Since no one seems to actually support these kinds of childhood experiences let’s let them disappear, shall we? If children aren’t attending sexually explicit shows than a law against such events admitting children will just be dead letter and a waste of ink and floor time.
You can use the reactive ad hominem labels of ‘racist’ or ‘homophobe’ or ‘transphobe’ freely of course. When it comes to people’s children you will find much less ambivalence and acquiescence though. If organizing drag shows is leading to concerns about violence or to public resistance maybe the entire thing was a mistake?
Large national polling data has revealed that a backlash to some of the more unpopular demands of queer activists might be beginning. It’s telling that of the ‘anti-LGBTQ’ legislation around the United States nearly all of it is concerned with minors.
National pills have shown the first significant reversal in the rising acceptance towards LGBTQ issues in decades.
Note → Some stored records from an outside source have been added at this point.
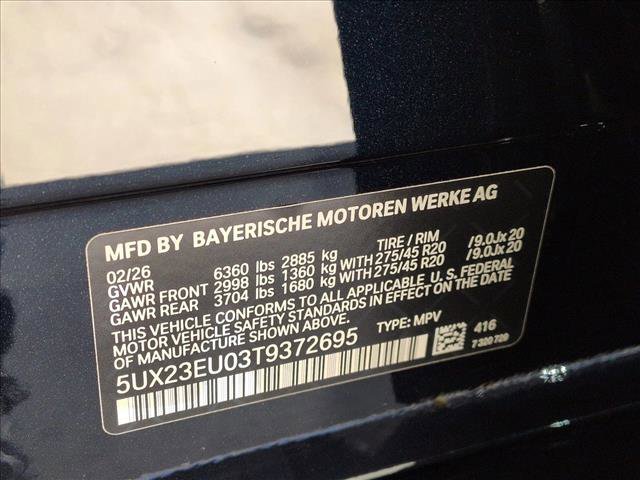 New 2026 BMW X5 xDrive40i image 18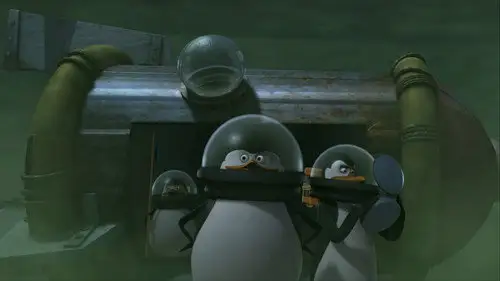 Los pingüinos de Madagascar Temporada 1 Episodios 2 • Sub Español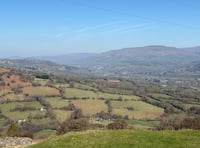 Monmouthshire is top of the charts with walkers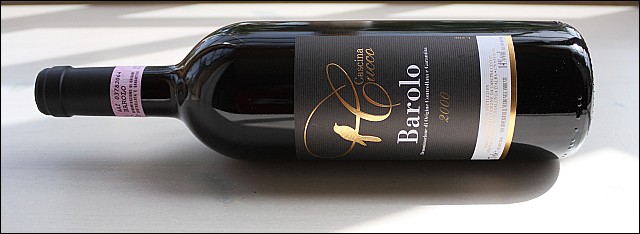 Cascina Cucco Barolo 2000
These Pew data show a decline in BOTH political affiliations.
I hope that as the year passes I will encounter fewer and fewer videos of transvestites simulating sex acts in front of elementary schoolers. I hope that the question of exactly HOW many queer lib ideologues teach in public schools will barely occur to me. Our culture is a culture of unending culture war it seems, but children shouldn’t be enlisted or involved. A contemporary childhood in the United States already seems strange enough.